AIM OF THE TASK →
I would like the entries transcribed word for word, please, with the pictures removed.

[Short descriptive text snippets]
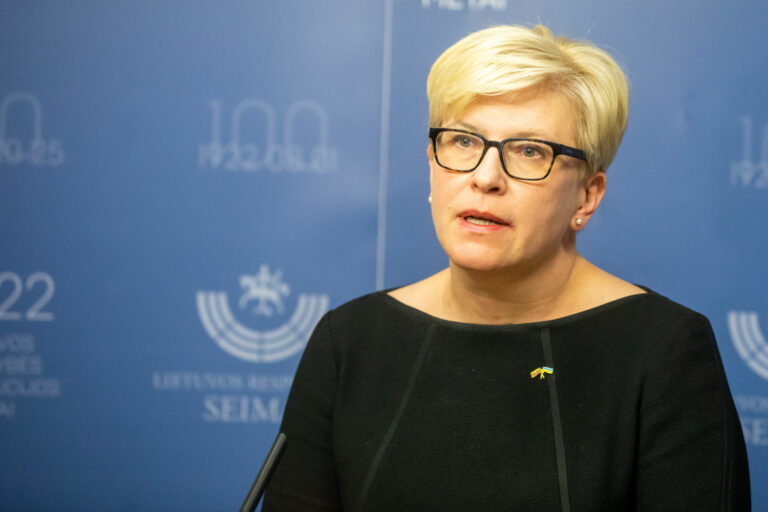 Premier Ingrida Šimonytė.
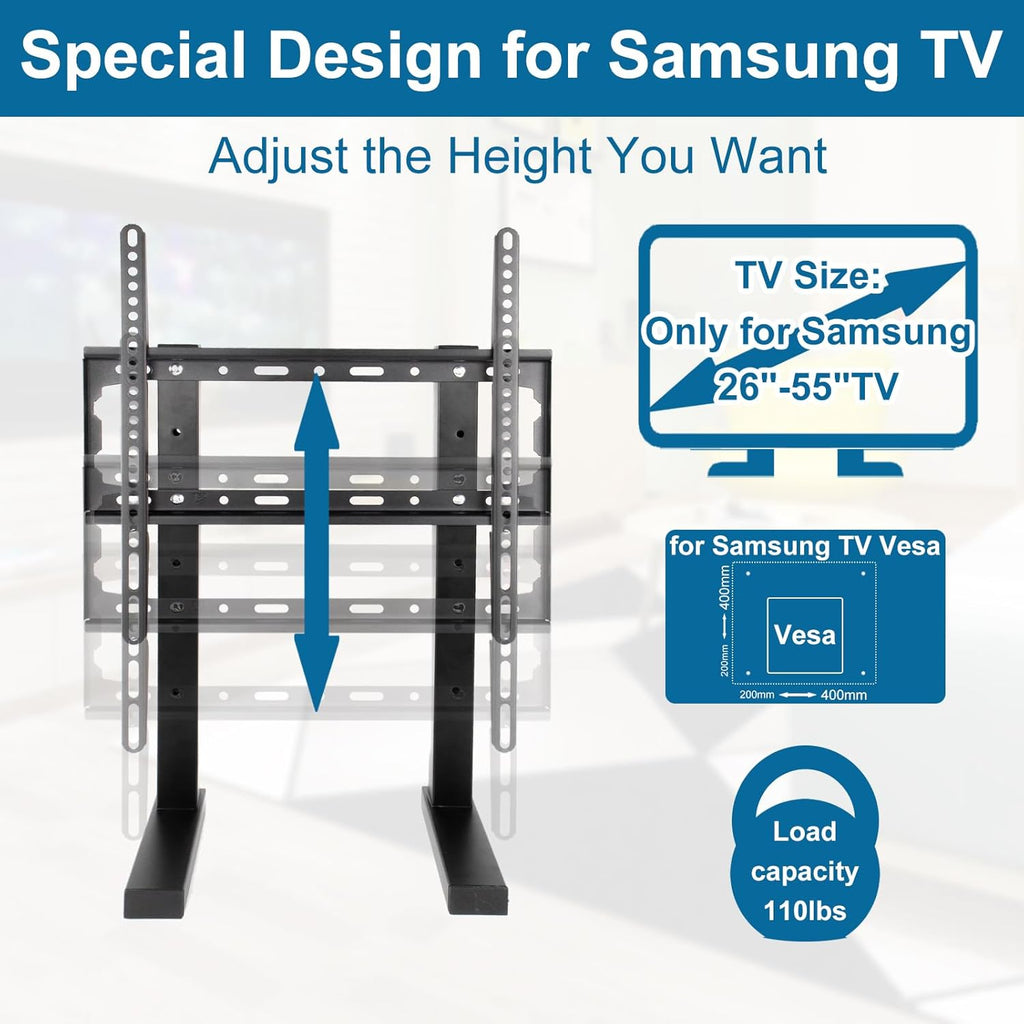 TV Stand Base Replacement with Mount Screen Top Shelf T244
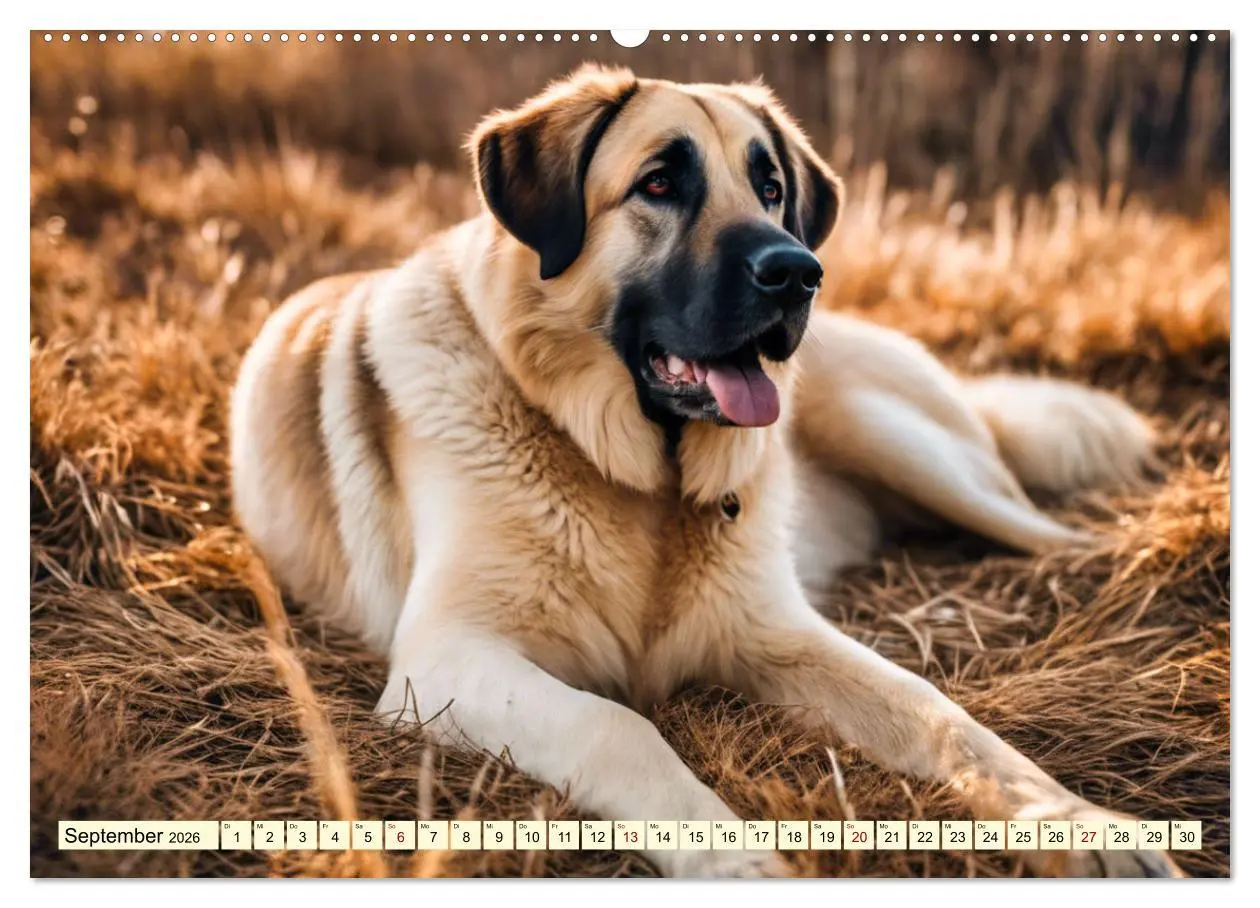 Bild: 9783457397787 | Kangal - der starke Herdenschutzhund (Wandkalender 2026 DIN A2...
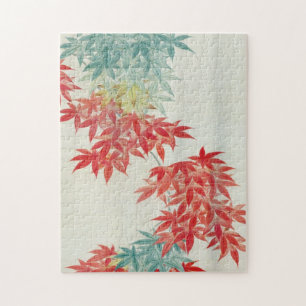 紅葉, 其一 Japanese maple tree, Kiitsu Jigsaw Puzzle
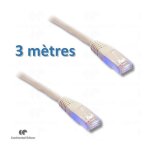 Continental edison c�ble rj45 cat. 6 blind� ftp 3m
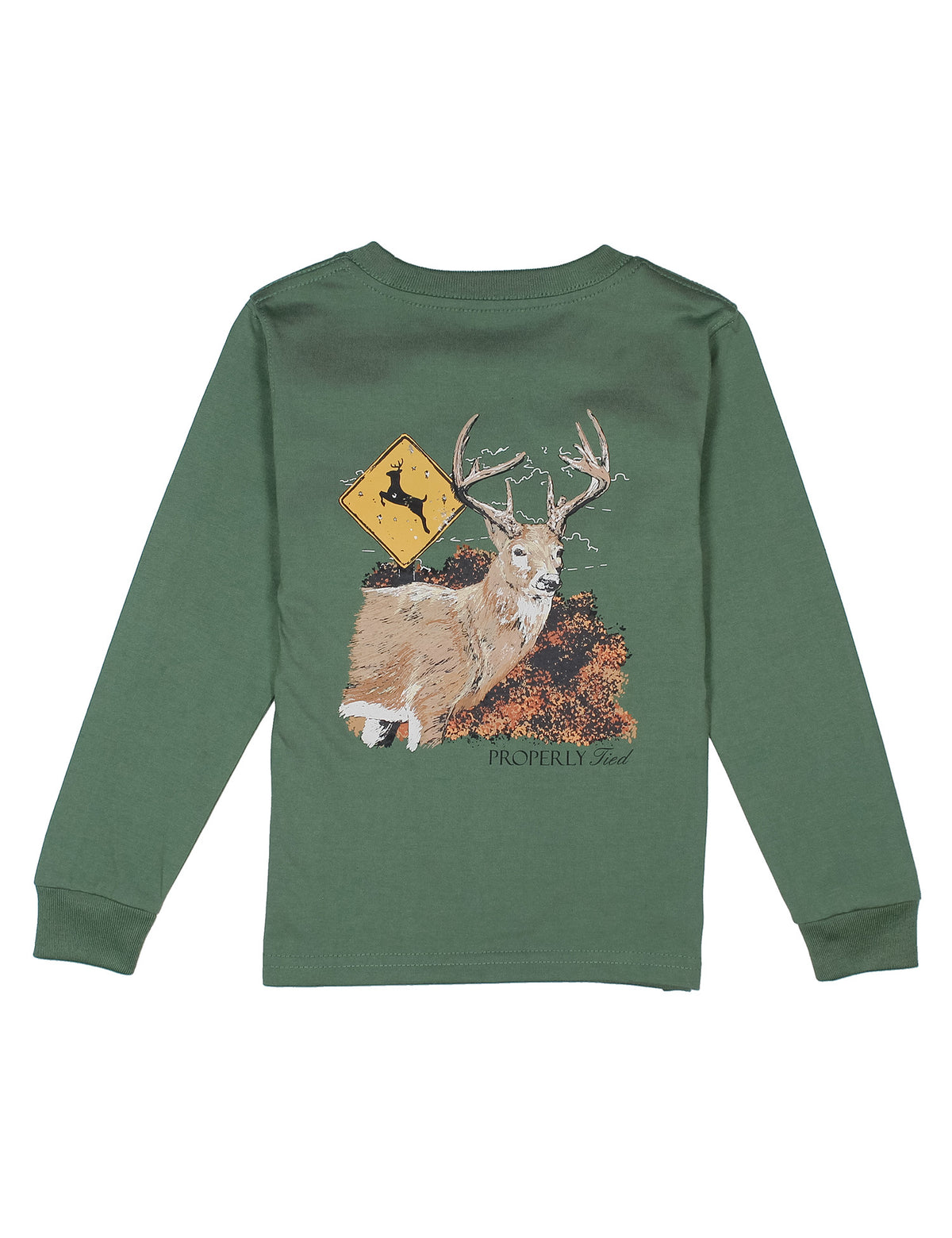 Boys Deer Crossing Fern Green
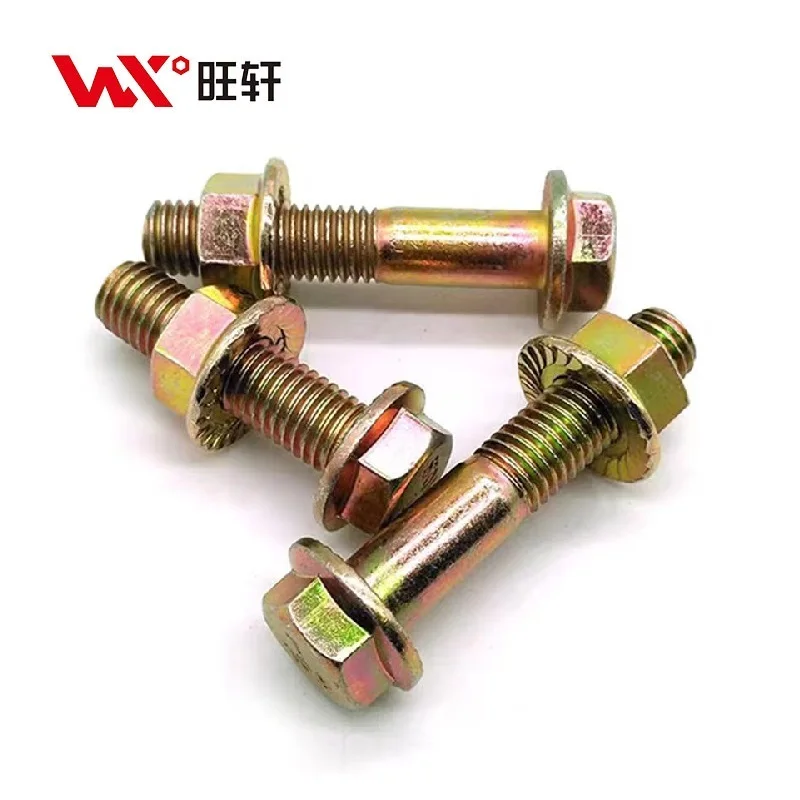 Hot sale custom size M12 Flange Hex Head Bolt for furniture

RESPONSE BOX →
 Premier Ingrida Šimonytė.
 TV Stand Base Replacement with Mount Screen Top Shelf T244
 Bild: 9783457397787 | Kangal - der starke Herdenschutzhund (Wandkalender 2026 DIN A2...
 紅葉, 其一 Japanese maple tree, Kiitsu Jigsaw Puzzle
 Continental edison c�ble rj45 cat. 6 blind� ftp 3m
 Boys Deer Crossing Fern Green
 Hot sale custom size M12 Flange Hex Head Bolt for furniture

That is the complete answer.